Disparities considered in cervical cancer screening
Click Here to Manage Email Alerts
By modeling disparities between subgroups, researchers identified screening strategies for cervical cancer that are cost-effective and provide aggregate health benefits compared with current methods, according to new findings in the Journal of the National Cancer Institute.
Explicitly modeling disparities between subgroups according to our proposed typology of cancer disparities allowed us to identify points of overlap among effectiveness, equity and efficiency in the context of different options for cervical cancer prevention, Sue J. Goldie, MD, MPH, of the department of health policy and management at Harvard School of Public Health, and colleagues wrote in the study. We identified several strategies that would reduce the lifetime risk of cervical cancer across all subgroups, but the benefits were not equally distributed; while some strategies widened disparities between groups, others dramatically reduced them.
For the study, Goldie and Norman Daniels, PhD, professor of ethics and population health in the department of global health and population at Harvard School of Public Health, developed a typology of cancer disparities among black, white and Hispanic populations that identified inequalities resulting from factors such as access to and quality of treatment and prevention. Using this typology, they conducted an evaluation of cervical cancer screening and vaccination strategies, including vaccination against HPV and screening utilizing new test combinations and/or risk-based protocols. The evaluation calculated health and economic outcomes for the population as a whole, as well as the racial subgroups separately, including average reduction in cancer incidence, average costs and life expectancy per woman, and the cost-effectiveness ratio for each strategy.
The researchers found that combining HPV vaccination with current cervical cancer screening patterns resulted in an average 69% reduction in cancer incidence overall. However, reductions were unequally distributed, ranging from 63.9% for Hispanic women, 68.3% for black women and 71.6% for white women.
Other strategies targeting risk-based screening to racial and ethnic minorities provided similar or greater overall benefits, but reduced disparities among racial subgroups, with a 69.7% reduction in cervical cancer incidence among white women and 70.1% among Hispanic women, the researchers said.
Further, the researchers determined that screening strategies that directly targeted subgroups bearing the greatest inequalities, when combined with vaccination, were more effective than current screening patterns and had a cost-effectiveness ratio of $28,200 per year of life saved compared with the same strategy without vaccination, according to the study.
This preliminary work represents a potential framework from which we can consider how to prioritize interventions that reduce inequalities that are most unjust while also considering their tractability, the researchers wrote. Use of decision analytic methods to explicitly quantify and examine both the population benefits and impact on disparities associated with different strategies allows us to identify those policy choices that might contribute to both equity and efficiency.

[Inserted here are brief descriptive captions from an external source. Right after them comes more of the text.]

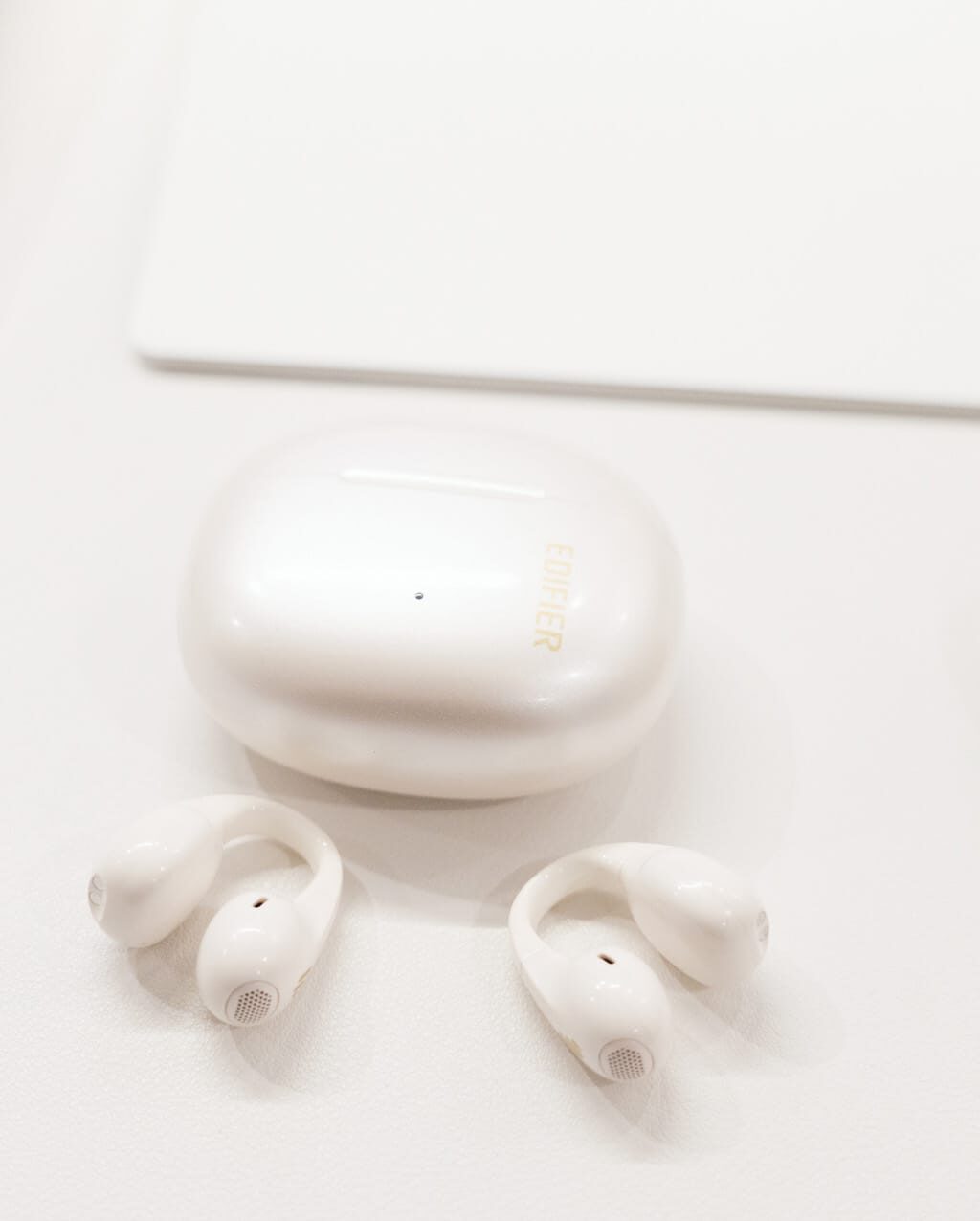 EDIFIER R1 レビュー／EDIFIER初のイヤーカフ型イヤホン。付け心地も音質も良好で、ながら作業のお供として最適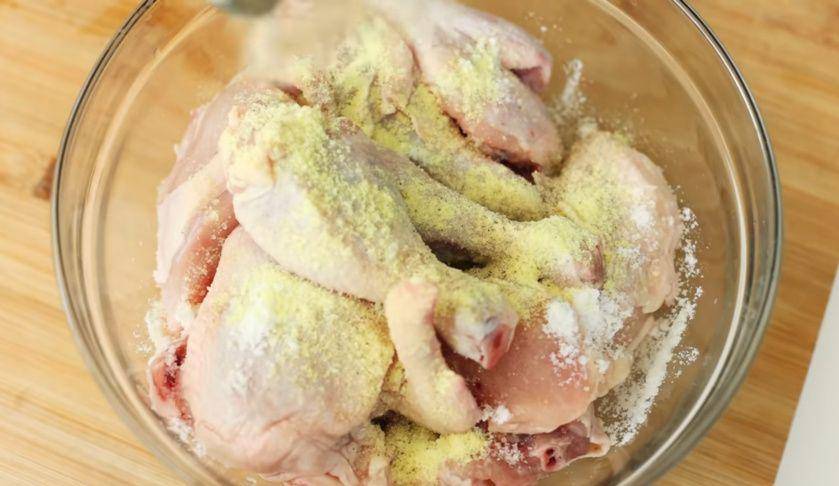 gambar daging ayam yang akan dimarinasi (youtube.com/Devina Hermawan)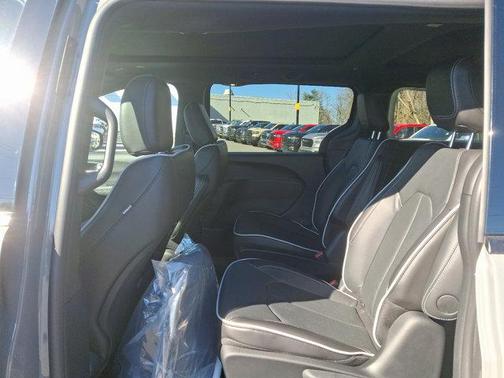 2025 Chrysler Pacifica Hybrid Premium S Appearance Pkg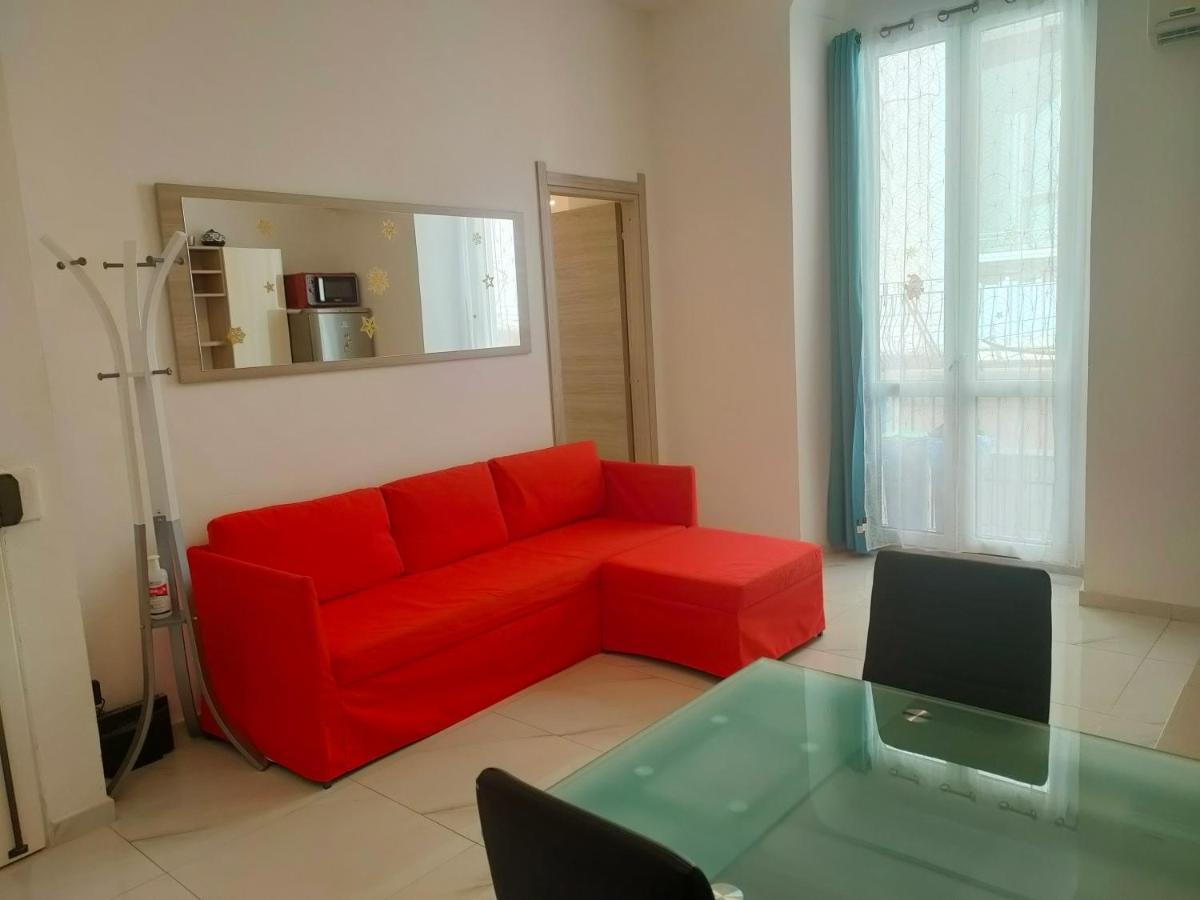 Appartamento Di Fronte Al Porto Turistico Каляри Екстериор снимка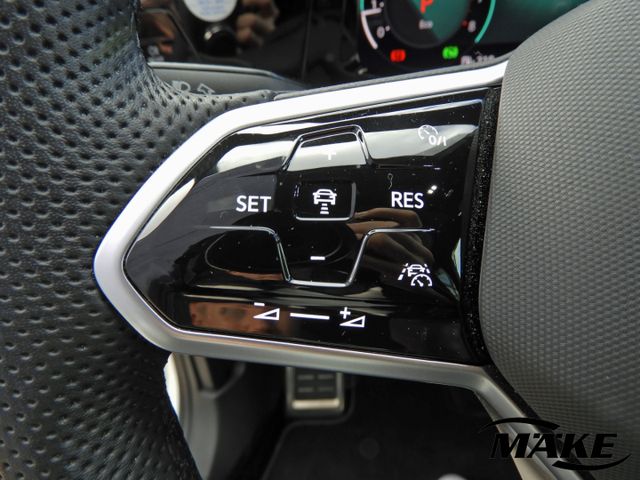 Golf R-Line 2.0 TSI 4Motion AHV ACC IQ.L NAV PD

In an accompanying editorial, Kevin A. Ault, MD, of the department of gynecology and obstetrics at Emory University School of Medicine, wrote: The benefits of vaccination can potentially be distributed equitably across racial and ethnic groups, and they identify interventions for subgroups such as increased screening and the use of the more sensitive HPV test as strategies that both improve clinical outcomes and reduce health disparities. The authors refer to these interventions as a win-win scenario, with substantial reductions in cervical cancer mortality across all subgroups of women and narrowing the gap in cervical cancer disparities.
For more information:
- Ault KA. J Natl Cancer Inst. 2011;doi:10.1093/jnci/djr330.
- Goldie SJ. J Natl Cancer Inst. 2011;doi:10.1093/jnci/djr303.
Disclosure: This research was funded by the Agency for Healthcare Research and Quality (R01-HS015570-02); National Cancer Institute at the NIH (R01-CA093435).